Work order
All the entries that follow are to be returned exactly.

Records drawn from a dataset:
BEGIN

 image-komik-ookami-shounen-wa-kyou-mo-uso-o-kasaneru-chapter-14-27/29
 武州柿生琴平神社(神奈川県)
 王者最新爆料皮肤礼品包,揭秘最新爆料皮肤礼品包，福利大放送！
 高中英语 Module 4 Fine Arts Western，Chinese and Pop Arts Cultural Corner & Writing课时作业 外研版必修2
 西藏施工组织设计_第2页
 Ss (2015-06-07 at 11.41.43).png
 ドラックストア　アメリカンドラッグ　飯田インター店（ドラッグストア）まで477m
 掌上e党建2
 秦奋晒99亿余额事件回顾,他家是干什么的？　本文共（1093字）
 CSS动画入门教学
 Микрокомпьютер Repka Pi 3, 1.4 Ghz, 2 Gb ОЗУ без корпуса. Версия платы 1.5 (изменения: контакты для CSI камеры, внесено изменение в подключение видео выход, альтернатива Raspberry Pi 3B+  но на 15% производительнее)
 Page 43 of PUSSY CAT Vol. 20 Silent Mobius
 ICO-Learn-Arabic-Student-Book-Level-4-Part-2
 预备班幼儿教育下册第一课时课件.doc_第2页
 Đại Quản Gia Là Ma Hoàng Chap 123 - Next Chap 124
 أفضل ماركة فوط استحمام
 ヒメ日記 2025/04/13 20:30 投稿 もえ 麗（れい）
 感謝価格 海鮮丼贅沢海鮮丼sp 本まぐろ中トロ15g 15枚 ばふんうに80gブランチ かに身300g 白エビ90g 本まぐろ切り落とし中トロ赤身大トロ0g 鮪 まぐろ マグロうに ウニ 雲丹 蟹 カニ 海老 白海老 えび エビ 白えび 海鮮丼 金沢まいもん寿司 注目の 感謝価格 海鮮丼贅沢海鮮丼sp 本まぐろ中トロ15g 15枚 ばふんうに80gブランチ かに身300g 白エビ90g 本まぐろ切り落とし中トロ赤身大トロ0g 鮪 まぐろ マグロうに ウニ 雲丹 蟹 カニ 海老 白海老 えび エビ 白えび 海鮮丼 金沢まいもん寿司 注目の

END

Response to the task
 image-komik-ookami-shounen-wa-kyou-mo-uso-o-kasaneru-chapter-14-27/29
 武州柿生琴平神社(神奈川県)
 王者最新爆料皮肤礼品包,揭秘最新爆料皮肤礼品包，福利大放送！
 高中英语 Module 4 Fine Arts Western，Chinese and Pop Arts Cultural Corner & Writing课时作业 外研版必修2
 西藏施工组织设计_第2页
 Ss (2015-06-07 at 11.41.43).png
 ドラックストア　アメリカンドラッグ　飯田インター店（ドラッグストア）まで477m
 掌上e党建2
 秦奋晒99亿余额事件回顾,他家是干什么的？　本文共（1093字）
 CSS动画入门教学
 Микрокомпьютер Repka Pi 3, 1.4 Ghz, 2 Gb ОЗУ без корпуса. Версия платы 1.5 (изменения: контакты для CSI камеры, внесено изменение в подключение видео выход, альтернатива Raspberry Pi 3B+  но на 15% производительнее)
 Page 43 of PUSSY CAT Vol. 20 Silent Mobius
 ICO-Learn-Arabic-Student-Book-Level-4-Part-2
 预备班幼儿教育下册第一课时课件.doc_第2页
 Đại Quản Gia Là Ma Hoàng Chap 123 - Next Chap 124
 أفضل ماركة فوط استحمام
 ヒメ日記 2025/04/13 20:30 投稿 もえ 麗（れい）
 感謝価格 海鮮丼贅沢海鮮丼sp 本まぐろ中トロ15g 15枚 ばふんうに80gブランチ かに身300g 白エビ90g 本まぐろ切り落とし中トロ赤身大トロ0g 鮪 まぐろ マグロうに ウニ 雲丹 蟹 カニ 海老 白海老 えび エビ 白えび 海鮮丼 金沢まいもん寿司 注目の 感謝価格 海鮮丼贅沢海鮮丼sp 本まぐろ中トロ15g 15枚 ばふんうに80gブランチ かに身300g 白エビ90g 本まぐろ切り落とし中トロ赤身大トロ0g 鮪 まぐろ マグロうに ウニ 雲丹 蟹 カニ 海老 白海老 えび エビ 白えび 海鮮丼 金沢まいもん寿司 注目の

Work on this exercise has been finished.